C’est ainsi que les choses se font en Thaïlande. La famille se doit de prendre en charge les aînés. Dès leur plus jeune âge, les enfants sont éduqués au culte des anciens. Tout dans la société démontre l’importance de la hiérarchisation. Le « waï » s’exprime en fonction du respect que l’on doit aux plus âgés, ainsi que les préfixes nominatifs « nong » et « pi ».

 

Ici, la vieillesse est valorisée par la sagesse, le chemin de l’existence parcourue, le don de vie fait aux enfants et la transmission du savoir.
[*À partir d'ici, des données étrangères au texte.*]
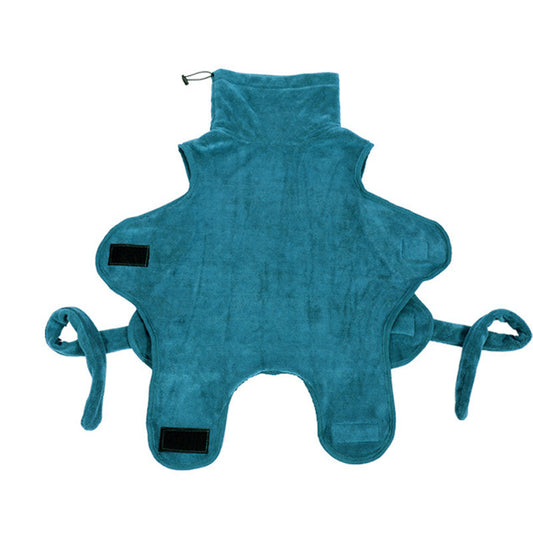 JMT-158090 Absorbent Quick-Drying Pet Bathrobe in Turquoise Green - Sizes XS to 3XL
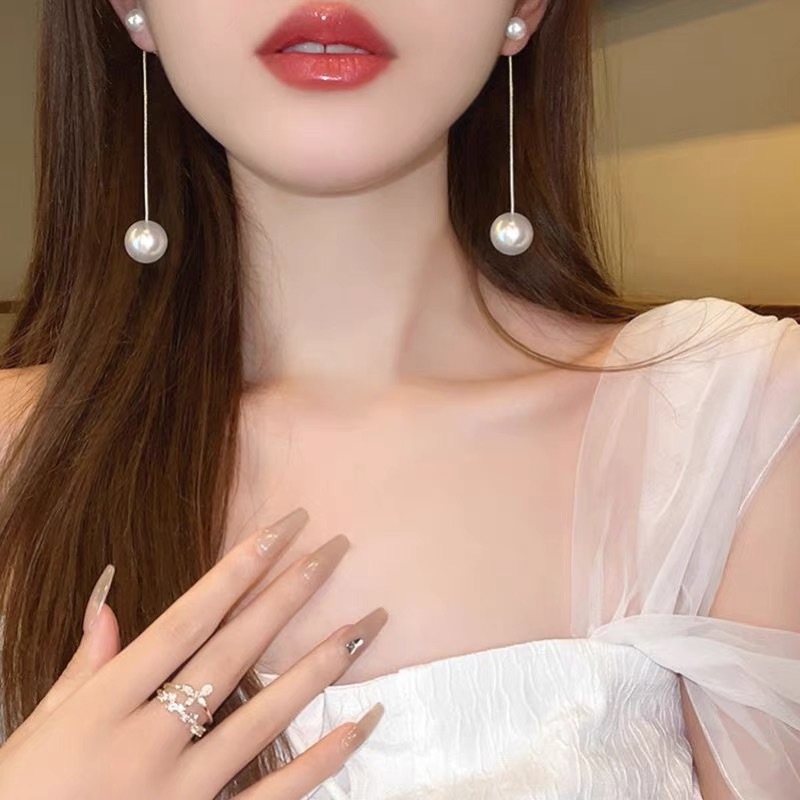 s925银珍珠耳钉女轻奢高级感小众网红百搭耳环2025年秋冬耳饰批发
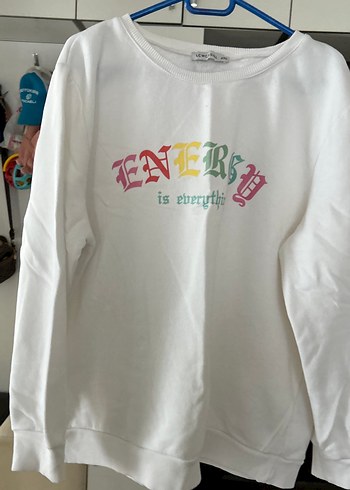 Beyaz Baskılı Uzun Kollu Kadın Sweatshirt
Quelle différence avec notre civilisation occidentale où vieillesse rime avec obsolescence ! En Thaïlande, il est encore tabou de parler de maison de retraite.

 

Elles sont peu nombreuses et les hospices s’adressent aux sans familles, aux abandonnés, aux malchanceux des mauvais karmas. Tant qu’il peut, l’aîné joue un rôle important au sein de la famille. Les femmes âgées s’occupent des jeunes enfants et des tâches ménagères. Les hommes contribuent à maintenir les liens sociaux avec la communauté.

 

Mais voilà que l’air va plus vite que la musique. L’OMS, la Banque Mondiale, les observateurs sociaux allument les warning. En peu de temps, la Thaïlande est devenu un pays vieillissant. La baisse de la fécondité et l’augmentation de l’espérance de vie ont modifié la courbe démographique. Près de 14% de la population a plus de 60 ans en 2017, une tranche qui montera à 20% en 2025 et 30% d’ici à 2050. Au milieu des années 60, l’espérance de vie d’un homme était de 52 ans, elle est de 70 ans aujourd’hui et compte tenu des progrès, elle ne cesse de s’allonger.

 

Alors que le vieillissement de la population est un énorme défi pour la Thaïlande, les enfants restent la principale source de revenus des personnes âgées. La pression sur les familles pourrait devenir insoutenable. Depuis 2011, un fonds de pension a été mis en place, qui contribue au versement de pensions de retraite aux travailleurs affiliés au système de sécurité sociale et aux plans d’épargne.

 

Du point de vue occidental, nous percevons rapidement les limites du système proposé. Ce plan A ne tiendrait que si le nombre des cotisants augmentait de façon significative. Compte tenu de la forte baisse de fécondité, seul un fort afflux de travailleurs immigrés affiliés au système de cotisation permettrait d’inverser la tendance. Mais le mode de pensée asiatique a un plan B : « vieillir en restant actif ».

 

Dans les pays occidentaux, on repousse l’âge de la retraite et l’individu se soumet au système social, qui cloisonne ses capacités et sa volonté à travailler encore, peut être différemment, mais encore.

 

En Thaïlande, l’Eldorado de la retraite, la récompense d’années de travail ne marque pas les esprits habitués au « Ici maintenant ». Mise en place tardivement, la pension de vieillesse n’est pas considérée comme un dû.

 

Le gouvernement lance des campagnes de remise en forme, de gymnastique, d’hygiène de vie, facilite l’accès aux soins pour les séniors. On les implique plus encore dans la vie économique, sociale, civique. Pour que les gens restent actifs en prenant de l’âge, il faut repenser leur place et leur rôle dans la société. Tant que le système intergénérationnel fonctionne, il est encore temps de mettre en place une nouvelle approche de la vieillesse. On doit avoir l’âge de ses artères et se tenir actif, efficace et rentable. L’éternelle jeunesse est bien entendu un mythe et plus qu’à son corps, il faudra que les nouveaux séniors s’attèlent à ne pas perdre la tête, en s’adaptant à leurs nouvelles places dans une société sans cesse en évolution. Les anciens suppléeront alors au manque de jeunes actifs. Ils resteront le lien entre le présent et le passé, mémoire de l’évolution. Ce sont les invités de marque du défi de l’avenir de ces pays émergents mais vieillissants.